Improve Dataset.xsimlab.update_vars for output variables
benbovy opened this issue · 3 comments
There are some issues with the current behavior that is not very clear, e.g.,
- For each given dict item (
None
or a clock dimension): all existing output variables are discarded - If we add an output variable for a clock dimension, which was already present in the
None
item, this will have no effect (in the output Dataset, only one snapshot is saved at the end of the simulation).
This behavior is consistent with dict.update()
. However, I would be better here to update as if the dict keys were the variables and the values the clock dim or None
. It makes more sense for this specific problem, the implementation would be clean and it's even possible to ensure that a variable is not given for more than one clock dim.

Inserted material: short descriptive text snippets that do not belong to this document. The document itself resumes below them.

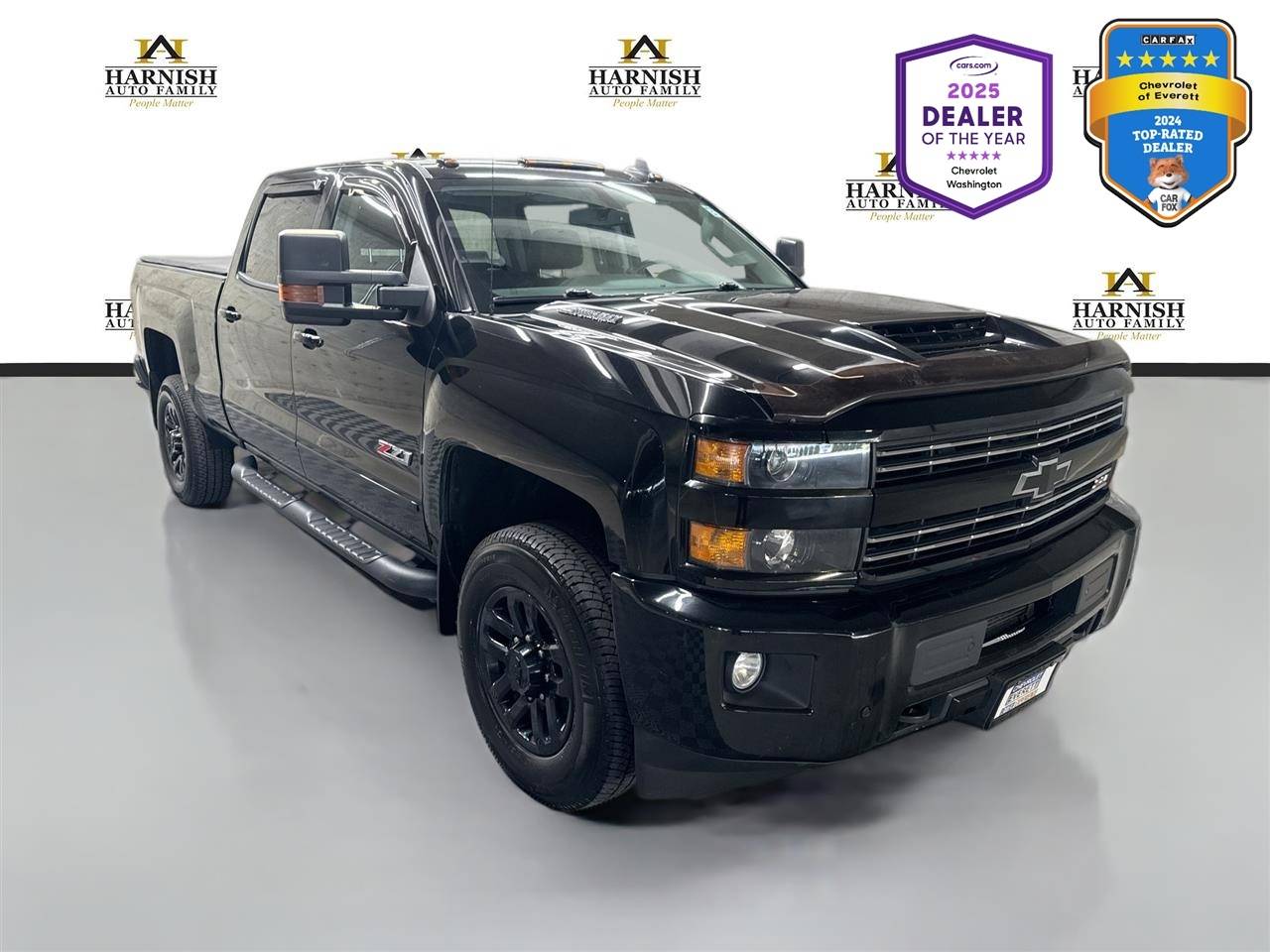 2019 Chevrolet Silverado 2500HD LTZ — Pickup Truck — 126,899 mi — Everett, WA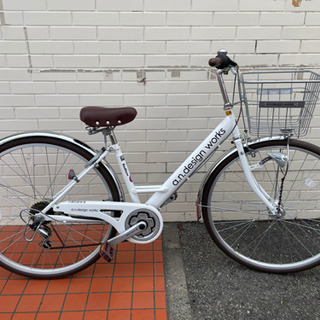 GM504【近隣配達可能】6段変速ギヤ オートライト 白 ホワイト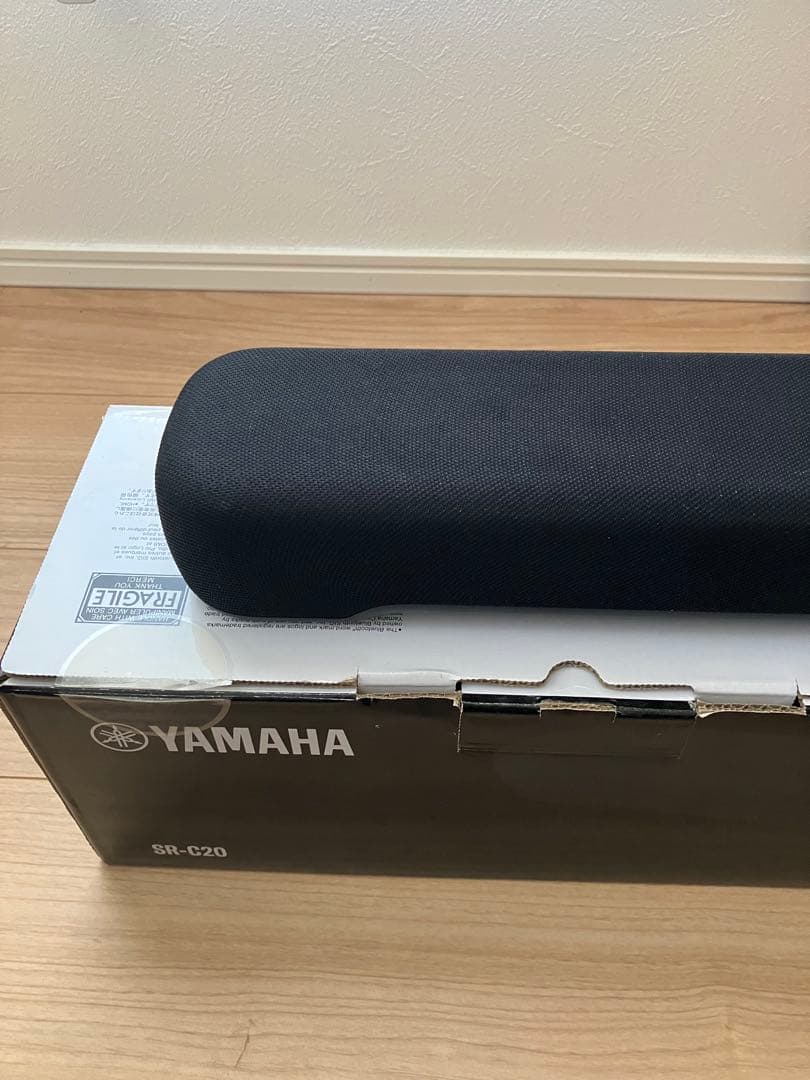 【kaoru様分】ヤマハ(YAMAHA) コンパクトサウンドバー SR-C20A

Actually, would this be better API? For example,
ds.xsimlab.update_vars(
output_vars={
'foo__bar': None,
'foo__baz': 'clock'
}
)
On one hand, it is more consistent with the input_vars
parameter. It is also more flat. On the other hand, it feels more natural to say "I want to save snapshots on this clock dimension for variables 'a', 'b', 'c'..." than "I want to save snapshots for variable 'a' on this clock dimension, for variable 'b' on this clock dimension too, and for variable 'c' on the same dimension".
Both could be supported but it is probably a bad idea (too complex), but good for a smooth transition.

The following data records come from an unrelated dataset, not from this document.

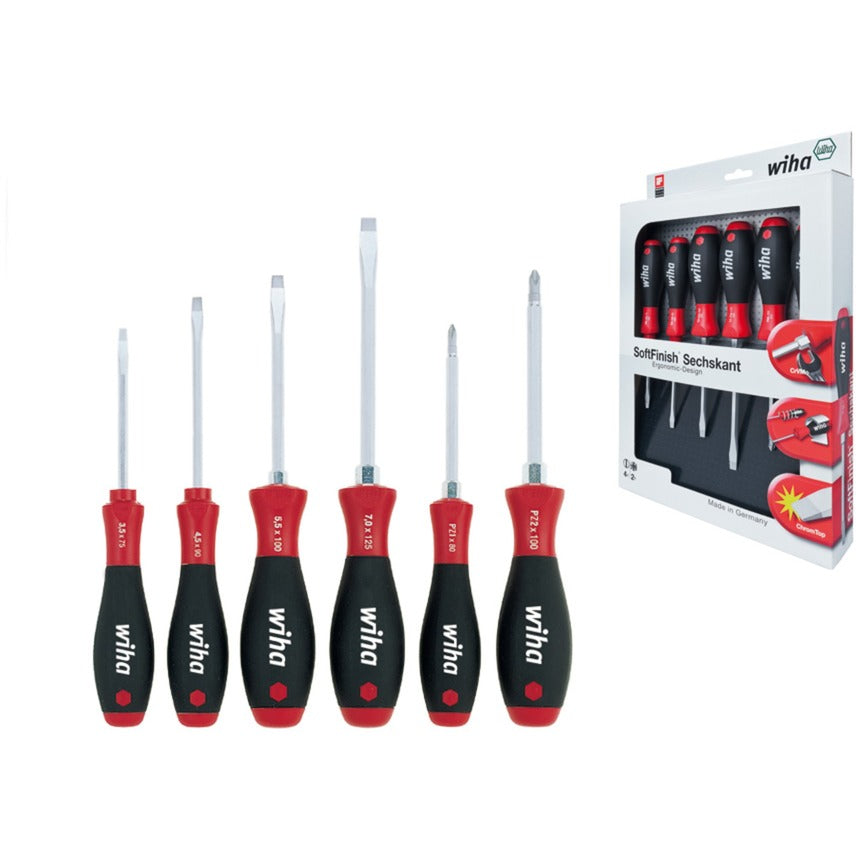Wiha schrauwen Set Softfinish 21249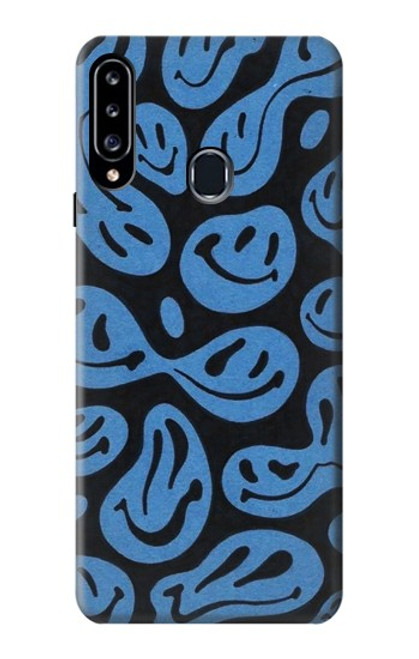 S3679 Motif fantôme mignon Etui Coque Housse pour Samsung Galaxy A20s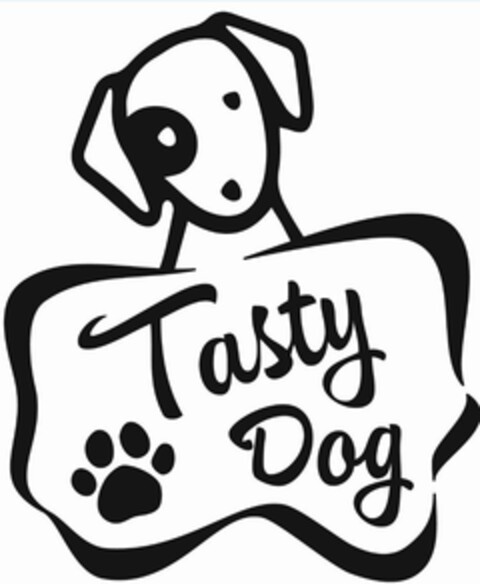 Tasty Dog Logo (EUIPO, 30.06.2016)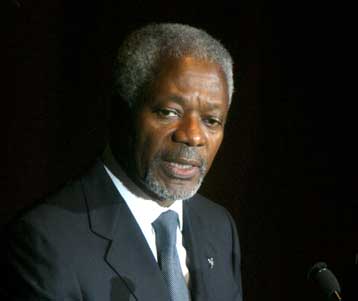 Διαψεύδει ο Ανάν τους ισχυρισμούς της Συρίας περί αποχώρησης του στρατού από το Λίβανο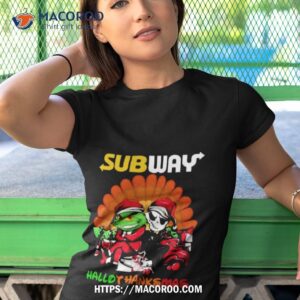 grinch and jack skellington outback steakhouse hallothanksmas 2023 t shirt tshirt 1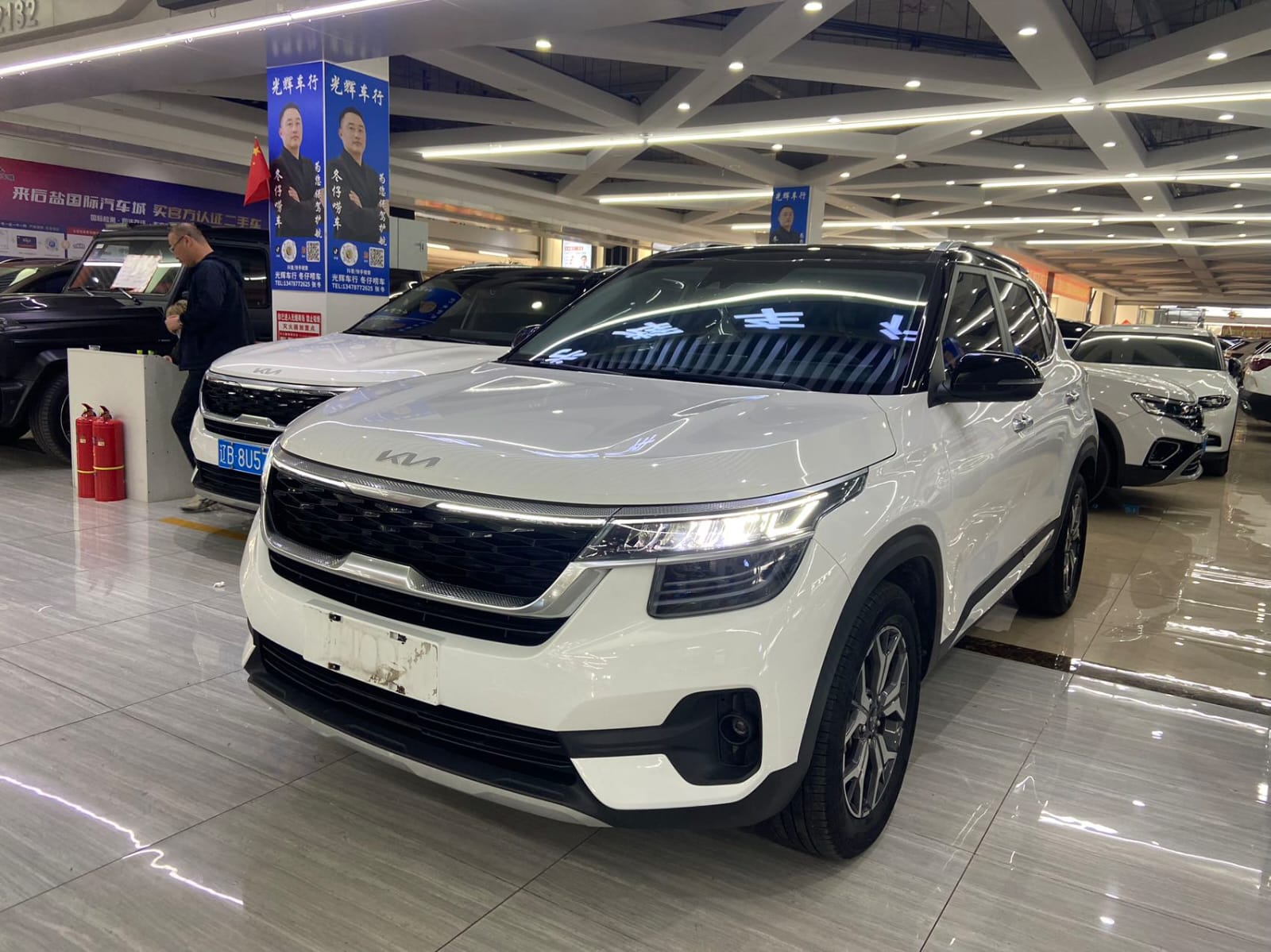 Kia KX3 1.5L CVT Обновленная версия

There is still no easy way to just drop a subset of output variables. Since None
is already used, one possibility would be to use a sentinel value, e.g., xsimlab.DROP
.
On one hand, it is more consistent with the input_vars parameter. It is also more flat.
It also allows to later add other kinds of settings like step intervals (integer values) instead of a clock dimension.
it feels more natural to say "I want to save snapshots on this clock dimension for variables 'a', 'b', 'c'..." than "I want to save snapshots for variable 'a' on this clock dimension, for variable 'b' on this clock dimension too, and for variable 'c' on the same dimension".
On the other hand it's natural for an output_vars
parameter to expect variable names as keys.